- [Task instructions]: Copy out the data word for word, without any of its pictures.

- [The data]:
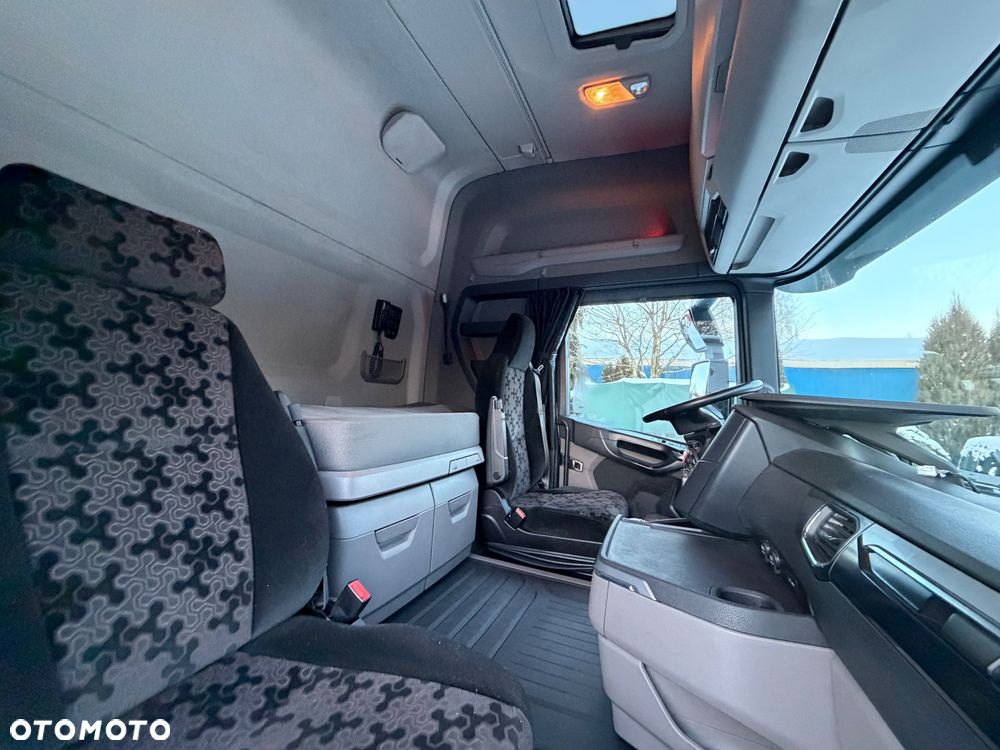 Scania R500 z Niemiec nowe turbo i sprzeglo bez wkładu na kontakcie ASO Scania - 30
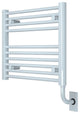 ICO Bath Savoy Plug-In Electric Towel Warmer - Round Bar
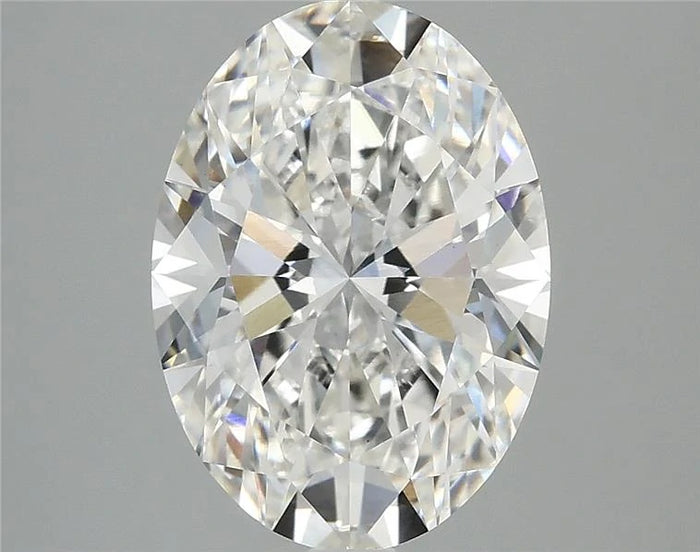 3.85 Carat · OVAL · F · VS1 · IGI · Excellent Cut
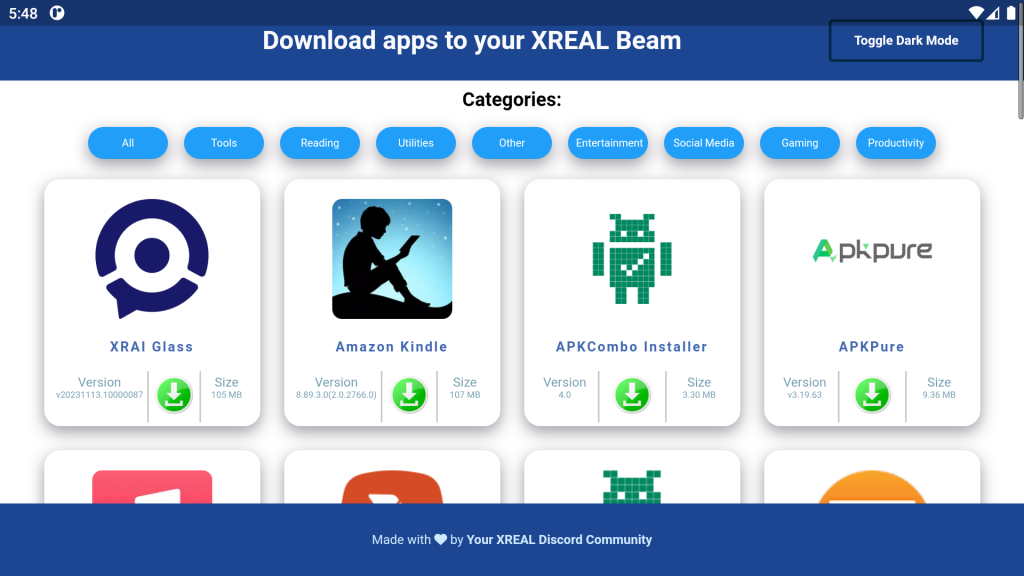 beam finder app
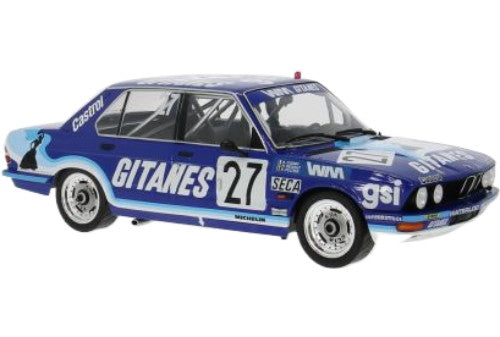 24h Spa BMW 528i E28 1982 / IXO 1/18 ミニカー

- [Response box]:
 Scania R500 z Niemiec nowe turbo i sprzeglo bez wkładu na kontakcie ASO Scania - 30
 ICO Bath Savoy Plug-In Electric Towel Warmer - Round Bar
 3.85 Carat · OVAL · F · VS1 · IGI · Excellent Cut
 beam finder app
 24h Spa BMW 528i E28 1982 / IXO 1/18 ミニカー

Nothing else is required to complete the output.